8 Rounds – Junior Lightweights
Tevin “The American Idol” Farmer/Vineland, N.J. (22-4, 5 KOs) vs Orlando Rizo/Managua, Nicaragua (19-7, 11 KOs)
With tons of crowd support it was clear early who the fans came to see. The hometown favorite boxed superbly and showed brilliance in the ring, landing at will and using his great defense to outsmart and out thwart his fellow southpaw opponent. The first round began with both men feeling each other out and checking for distance, looking to see where they could land their shots. In the second round the pace of the fight picked up as Farmer began to pinpoint exactly where he wanted to land. With phenomenal head movement and tremendous footwork Farmer was untouchable in this round. At the start of the third round Farmer again pressed his attack, landing at will. Rizo fought off his back foot for most of the round, trying his best trade shots with the quick Farmer. Rizo’s punches often missed his opponent throughout the entire fight and by the beginning of the fourth you can see the frustration building up in his face. In the fourth round Farmer was deducted a point for a low blow which was to the dismay of the many fans in attendance. In the fifth and sixth rounds Farmer continued to land punches at will. During exchanges Rizo pressed Farmer to the ropes and landed couple of glancing left hands. Farmer maintained his distance and defense while he pot-shot Rizo from the outside with jabs to the face and body. Rounds seven and eight were no different with the exception of Farmer being deducted another point for a low blow that again had the crowd yell in dismay. Farmer did what he needed to do and that was box well without putting himself in harm’s way, pulling off a fantastic unanimous decision win (77-73, 78-72 2x). The gifted Farmer will be right back in the ring on December 2 at the 2300 Arena to again showcase his talents to his fans and boxing fans of the city of Philadelphia.
Bout #8 – Main Event
8 Rounds – Junior Middleweights
Ismael Garcia/Vineland, N.J. (10-0-1, 4 KOs) vs Tyrone Brunson/North Philadelphia (23-6-1, 22 KOs)
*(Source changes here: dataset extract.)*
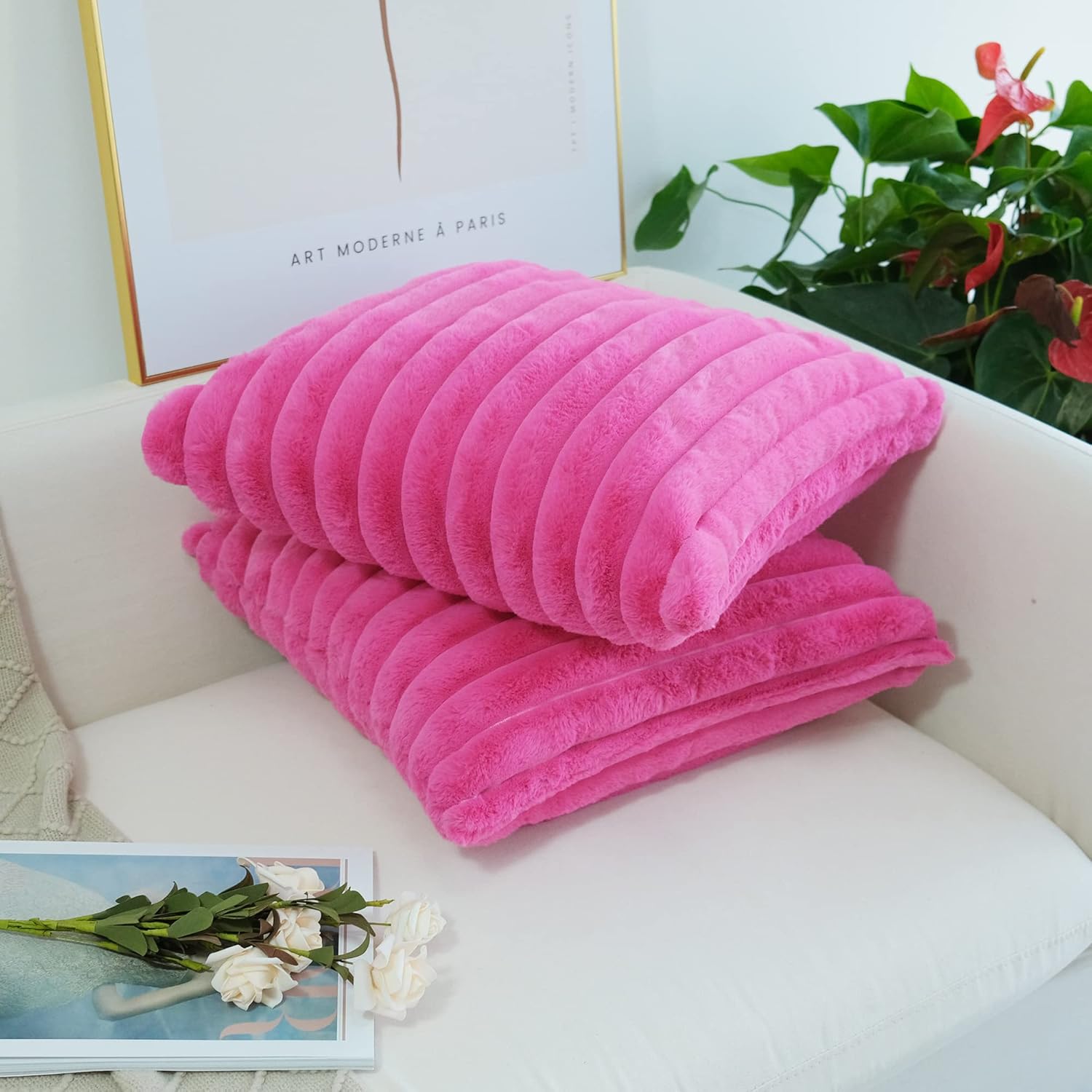 JOJUSIS Paquete de 2 fundas de almohada decorativas de felpa de pelo sintético para sofá, fundas de almohada suaves (rosa intenso, 18 x 18 pulgadas)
The first round of this chess match was a feel out round as both men made adjustments to counter each other’s style. The fight continued to be a chess match until the beginning of the eighth round where Brunson landed a strong left hand that stunned Garcia. Brunson pressed the action throughout the last and final round. The bout was ruled a draw with the judges scoring the fight 78-74 Garcia, 78-74 Brunson, 76-76 even).
8 Rounds – Junior Welterweights
Jose Aaron Herrera/Vallodolid, Mexico (21-5-1, 12 KOs) vs Mike “Yes Indeed” Reed/Baltimore, MD (19-0, 11 KOs)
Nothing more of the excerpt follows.